Chile’s fresh fruit industry is continuing to assess the impact of an unusual succession of frosts that have hit the South American country as well as other Southern Hemisphere nations since mid-September.
Growers and technicians are urgently undertaking preliminary evaluations to assess the complete impact of the adverse weather conditions, according to a press release from the Chilean Fruit Exporters Association (Asoex).
“This is an abnormal situation for our growers,” explained Asoex board chairman Ronald Bown. “We have not experienced a prolonged period of frost like this for many years and at this point, we are tackling the issue on several fronts.”
Asoex claims a further ten to 12 days of analysis must be made before any real accurate forecasts can be established due to the fact that many fruit plantations, especially those planted with early varieties, were in different early phonological stages, including the development of buds, flowers and new stems.
“The industry is carefully assessing the damage that has been caused by the frosts, in order that we can give the international fruit community a clear and accurate perspective on the way this Chilean fresh fruit season will progress,” Bown pointed out.

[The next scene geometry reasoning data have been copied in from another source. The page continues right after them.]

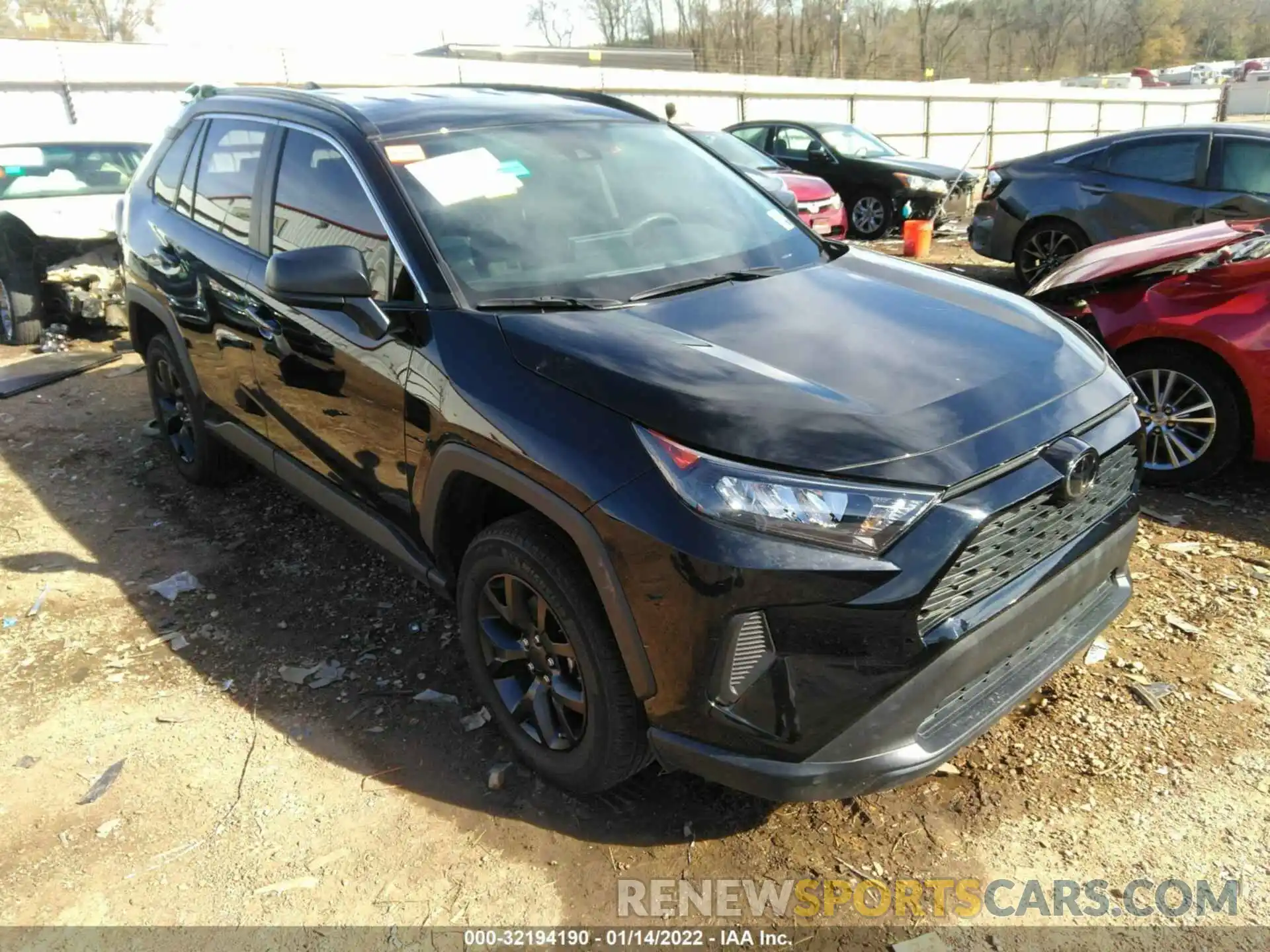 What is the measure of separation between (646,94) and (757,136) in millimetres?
6251

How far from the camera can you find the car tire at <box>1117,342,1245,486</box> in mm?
4008

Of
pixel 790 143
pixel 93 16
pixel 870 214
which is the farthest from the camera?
pixel 93 16

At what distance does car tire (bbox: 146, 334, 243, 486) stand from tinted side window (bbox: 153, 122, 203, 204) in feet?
2.35

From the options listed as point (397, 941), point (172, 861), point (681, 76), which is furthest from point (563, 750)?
point (681, 76)

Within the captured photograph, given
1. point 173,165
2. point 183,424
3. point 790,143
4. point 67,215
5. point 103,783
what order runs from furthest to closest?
point 790,143
point 67,215
point 183,424
point 173,165
point 103,783

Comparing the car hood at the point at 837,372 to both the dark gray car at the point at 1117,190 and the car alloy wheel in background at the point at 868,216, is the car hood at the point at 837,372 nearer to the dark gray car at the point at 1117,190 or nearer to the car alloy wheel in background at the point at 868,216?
the dark gray car at the point at 1117,190

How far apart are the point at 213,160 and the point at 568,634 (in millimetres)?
3010

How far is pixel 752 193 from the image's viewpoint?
359 cm

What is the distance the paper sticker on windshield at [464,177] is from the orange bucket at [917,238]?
878cm

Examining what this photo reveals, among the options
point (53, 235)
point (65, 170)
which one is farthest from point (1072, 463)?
point (65, 170)

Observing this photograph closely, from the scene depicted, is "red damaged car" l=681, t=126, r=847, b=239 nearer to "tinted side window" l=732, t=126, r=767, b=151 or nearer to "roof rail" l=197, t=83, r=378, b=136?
"tinted side window" l=732, t=126, r=767, b=151

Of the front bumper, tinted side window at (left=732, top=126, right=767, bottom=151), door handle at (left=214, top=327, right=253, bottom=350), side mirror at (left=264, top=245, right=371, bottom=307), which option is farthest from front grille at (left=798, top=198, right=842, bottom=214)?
the front bumper

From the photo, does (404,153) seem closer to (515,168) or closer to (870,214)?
(515,168)

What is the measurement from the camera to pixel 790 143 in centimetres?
1348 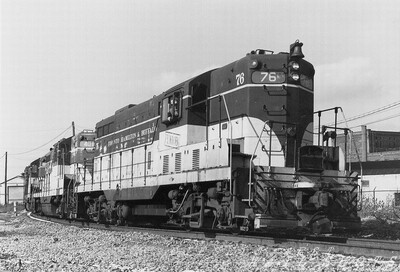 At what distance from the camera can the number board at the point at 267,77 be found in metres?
10.5

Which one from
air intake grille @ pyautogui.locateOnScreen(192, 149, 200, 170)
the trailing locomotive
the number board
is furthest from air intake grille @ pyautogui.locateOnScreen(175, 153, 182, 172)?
the number board

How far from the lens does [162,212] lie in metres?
12.8

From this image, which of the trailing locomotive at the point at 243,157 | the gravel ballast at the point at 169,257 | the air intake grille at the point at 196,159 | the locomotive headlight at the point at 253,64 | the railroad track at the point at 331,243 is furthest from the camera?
the air intake grille at the point at 196,159

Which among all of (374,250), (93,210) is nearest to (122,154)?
(93,210)

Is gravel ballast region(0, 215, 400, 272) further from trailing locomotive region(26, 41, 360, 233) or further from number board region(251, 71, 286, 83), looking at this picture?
number board region(251, 71, 286, 83)

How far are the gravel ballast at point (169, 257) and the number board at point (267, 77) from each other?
138 inches

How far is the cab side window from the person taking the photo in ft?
39.4

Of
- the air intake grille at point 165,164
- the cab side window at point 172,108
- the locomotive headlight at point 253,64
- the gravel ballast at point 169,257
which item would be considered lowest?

“At this point, it appears that the worst affected crops are kiwifruit, plums, peaches, nectarines, almonds, nuts, and cherries. However, we are not yet at a point where we can make a full and realistic assessment of the level of losses we have suffered as an industry.”
In the meantime, Asoex said it has presented to the Chilean Ministry of Agriculture and the Agricultural Commission of the Senate a series of proposals for immediate actions to address this issue.
The document contains concrete actions designed to alleviate the impact on the growing sector as much as possible.
“The industry wants to safeguard the futures of our growers at this difficult moment and also safeguard the future capacity of Chilean exporters to provide their loyal customers around the world with the highest quality fruit in the volumes they require,” Bown concluded.
Founded in 1935, Asoex represents 96.5 per cent of Chile’s fresh fruit exports and 63.1 per cent of planted area with fruit.